** Opening INPUT DATA block **

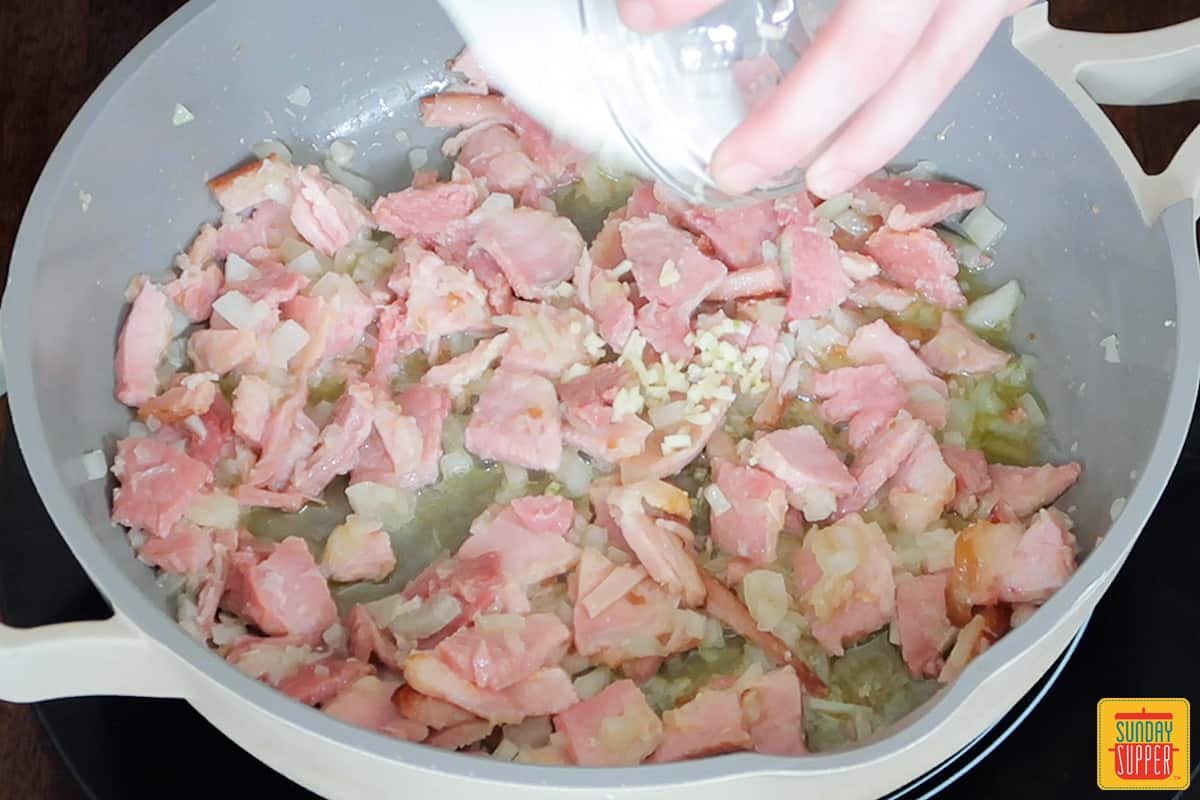 diced ham in a skillet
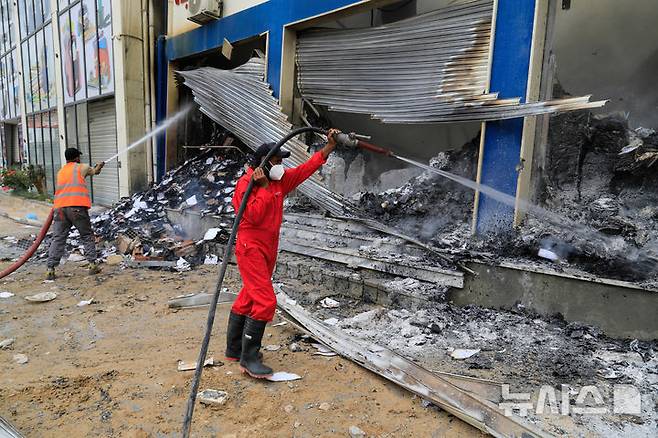 [트리폴리= AP/뉴시스] 리비아 서부 공단지역에서 8월 31일 대규모 폭발이 일어났다.  사진은 무장 군대들 간의 충돌로 지난 5월 14일 파괴된 리비아 수도 트리폴리 에서 소방대가 한 서점 화재의 잔불을 끄고 있는 광경.  2025. 09.01.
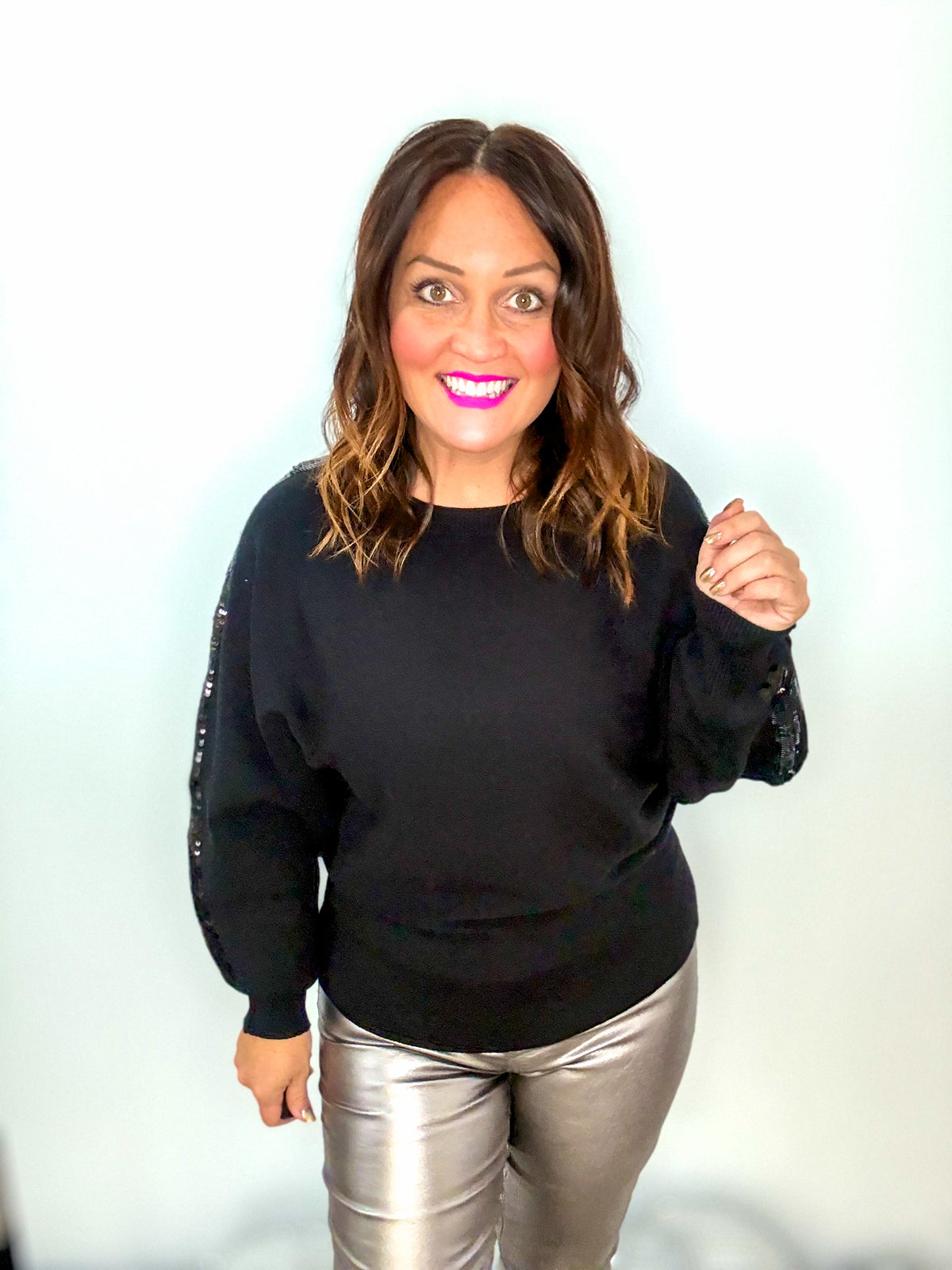 Woman wearing a black glistening sequin sweater, smiling, with shiny pants, showcasing stylish comfort and dazzling design.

** Closing INPUT DATA block **

» **WORK TASK**
Give the data above again in full and unchanged, skipping the pictures.

» **RESPONSE**
 diced ham in a skillet
 [트리폴리= AP/뉴시스] 리비아 서부 공단지역에서 8월 31일 대규모 폭발이 일어났다.  사진은 무장 군대들 간의 충돌로 지난 5월 14일 파괴된 리비아 수도 트리폴리 에서 소방대가 한 서점 화재의 잔불을 끄고 있는 광경.  2025. 09.01.
 Woman wearing a black glistening sequin sweater, smiling, with shiny pants, showcasing stylish comfort and dazzling design.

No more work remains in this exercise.